Edward Coke - Family Background and Early Life

Family Background and Early Life

The surname "Coke", or "Cocke", can be traced back approximately 400 years before Edward Coke's birth, to a William Coke in the hundred of South Greenhoe, now Swaffham. It was not a common surname, being limited to one family, but the family itself was relatively respected – members of the family from the 1400s on included an Under-Sheriff, a Knight Banneret, a barrister and a merchant in Norwich. The origins of the name prior to that are uncertain; theories are that it signified a river among early Britons, or was descended from the word "Coc", or leader. Another hypothesis is that it was simply an attempt to disguise the word "cook".

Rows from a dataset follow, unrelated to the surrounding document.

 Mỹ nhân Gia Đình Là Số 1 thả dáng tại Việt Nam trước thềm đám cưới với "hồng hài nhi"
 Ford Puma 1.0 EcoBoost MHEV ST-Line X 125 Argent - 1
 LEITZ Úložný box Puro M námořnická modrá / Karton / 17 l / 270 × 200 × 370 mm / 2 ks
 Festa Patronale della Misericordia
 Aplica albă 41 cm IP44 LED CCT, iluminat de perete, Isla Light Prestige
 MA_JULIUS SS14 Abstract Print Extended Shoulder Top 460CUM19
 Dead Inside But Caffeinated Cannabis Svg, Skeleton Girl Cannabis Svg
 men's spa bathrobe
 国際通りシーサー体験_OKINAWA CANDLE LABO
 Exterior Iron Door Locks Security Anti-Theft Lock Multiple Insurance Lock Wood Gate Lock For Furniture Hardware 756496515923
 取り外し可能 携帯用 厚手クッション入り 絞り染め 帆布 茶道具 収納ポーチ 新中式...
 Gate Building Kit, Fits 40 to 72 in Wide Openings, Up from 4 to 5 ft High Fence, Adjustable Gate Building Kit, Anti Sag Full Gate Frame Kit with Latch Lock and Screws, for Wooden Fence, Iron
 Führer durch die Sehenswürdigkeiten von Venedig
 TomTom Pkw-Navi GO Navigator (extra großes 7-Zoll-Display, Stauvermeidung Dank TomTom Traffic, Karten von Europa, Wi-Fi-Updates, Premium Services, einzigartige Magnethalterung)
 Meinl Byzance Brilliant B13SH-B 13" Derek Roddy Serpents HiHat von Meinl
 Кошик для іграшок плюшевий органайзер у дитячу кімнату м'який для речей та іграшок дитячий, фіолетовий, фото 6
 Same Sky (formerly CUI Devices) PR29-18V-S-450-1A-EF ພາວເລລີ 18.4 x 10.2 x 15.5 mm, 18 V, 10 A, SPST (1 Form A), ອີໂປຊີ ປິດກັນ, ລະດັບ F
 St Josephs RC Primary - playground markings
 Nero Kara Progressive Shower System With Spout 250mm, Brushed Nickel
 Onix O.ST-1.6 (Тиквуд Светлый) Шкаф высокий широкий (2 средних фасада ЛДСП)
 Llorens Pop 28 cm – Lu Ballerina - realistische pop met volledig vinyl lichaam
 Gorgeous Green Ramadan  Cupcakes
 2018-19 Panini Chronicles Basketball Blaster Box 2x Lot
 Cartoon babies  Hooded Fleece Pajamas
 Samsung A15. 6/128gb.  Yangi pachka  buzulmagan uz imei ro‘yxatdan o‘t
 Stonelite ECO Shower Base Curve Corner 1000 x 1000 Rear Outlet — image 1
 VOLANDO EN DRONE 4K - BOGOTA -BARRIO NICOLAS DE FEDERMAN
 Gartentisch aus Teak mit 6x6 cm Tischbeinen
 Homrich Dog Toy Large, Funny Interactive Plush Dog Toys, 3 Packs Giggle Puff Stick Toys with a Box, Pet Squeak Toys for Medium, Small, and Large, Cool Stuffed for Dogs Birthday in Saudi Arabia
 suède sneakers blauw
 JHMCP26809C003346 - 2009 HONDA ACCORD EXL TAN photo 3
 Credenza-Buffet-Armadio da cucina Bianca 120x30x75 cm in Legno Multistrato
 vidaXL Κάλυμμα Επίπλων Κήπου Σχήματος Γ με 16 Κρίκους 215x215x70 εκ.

Coke's father, Robert Coke, was a barrister and Bencher of Lincoln's Inn who built up a strong practice representing clients from his home area of Norfolk, particularly the Townsend family. Over time, he bought several manors at Congham, Westacre and Happisburgh and was granted a coat of arms, becoming a minor member of the gentry. The name "Coke" itself was pronounced "kuke" during the Elizabethan age itself, although it is now pronounced "cook". Coke's mother was Winifred Knightley Coke, who came from a family even more intimately linked with the law than her husband. Both her father and grandfather had practised law in the Norfolk area, and her sister Audrey was married to Thomas Gawdy, a lawyer and Justice of the Court of King's Bench with links to the Earl of Arundel, something that later served Edward well. Winifred's father later married Agnes, the sister of Nicholas Hare.

Edward Coke was born on 1 February 1552 in Mileham, one of eight children. The other seven were daughters – Winifred, Dorothy, Elizabeth, Ursula, Anna, Margaret and Ethelreda – although it is not known in which order the children were born. It is sometimes supposed that Edward was the oldest, because his name is first on the monument to Robert Coke, but this is most likely simply because the names were listed with the son first and daughters second, not because the order represented their ages. One estimate by Allen Boyer is that Edward was the fourth child based on baptism registers. Two years after Robert Coke died on 15 November 1561, Winifred remarried to Robert Bozoun, a member of an old family who had a tremendous influence on the Coke children. A property trafficker, Bozoun was noted for his piety and strong business acumen, once forcing Nicholas Bacon to pay an exorbitant amount of money for a piece of property. From Bozoun, Coke learnt to "loathe concealers, prefer godly men and briskly do business with any willing client", something which shaped his future conduct as a lawyer, politician and judge.